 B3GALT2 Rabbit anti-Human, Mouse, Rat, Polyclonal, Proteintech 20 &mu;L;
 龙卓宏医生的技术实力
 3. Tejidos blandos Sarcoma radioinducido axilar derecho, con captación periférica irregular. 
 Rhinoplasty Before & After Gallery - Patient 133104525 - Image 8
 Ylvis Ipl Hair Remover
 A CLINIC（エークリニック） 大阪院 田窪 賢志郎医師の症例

---

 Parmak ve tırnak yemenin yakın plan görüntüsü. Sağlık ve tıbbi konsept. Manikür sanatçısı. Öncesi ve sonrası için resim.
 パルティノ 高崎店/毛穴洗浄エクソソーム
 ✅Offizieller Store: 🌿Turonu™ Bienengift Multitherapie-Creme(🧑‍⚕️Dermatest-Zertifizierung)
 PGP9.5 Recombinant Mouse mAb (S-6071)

> **WHAT TO PRODUCE**
All lines above from the one with "B3GALT2 Rabbit anti-Human, Mouse, Rat, Polyclonal, Proteintech" to the one with "A CLINIC（エークリニック） 大阪院 田窪 賢志郎医師の症例", inclusive, should be copied exactly, and no other lines.

> **OUTPUT FOR THIS TASK**
 B3GALT2 Rabbit anti-Human, Mouse, Rat, Polyclonal, Proteintech 20 &mu;L;
 龙卓宏医生的技术实力
 3. Tejidos blandos Sarcoma radioinducido axilar derecho, con captación periférica irregular. 
 Rhinoplasty Before & After Gallery - Patient 133104525 - Image 8
 Ylvis Ipl Hair Remover
 A CLINIC（エークリニック） 大阪院 田窪 賢志郎医師の症例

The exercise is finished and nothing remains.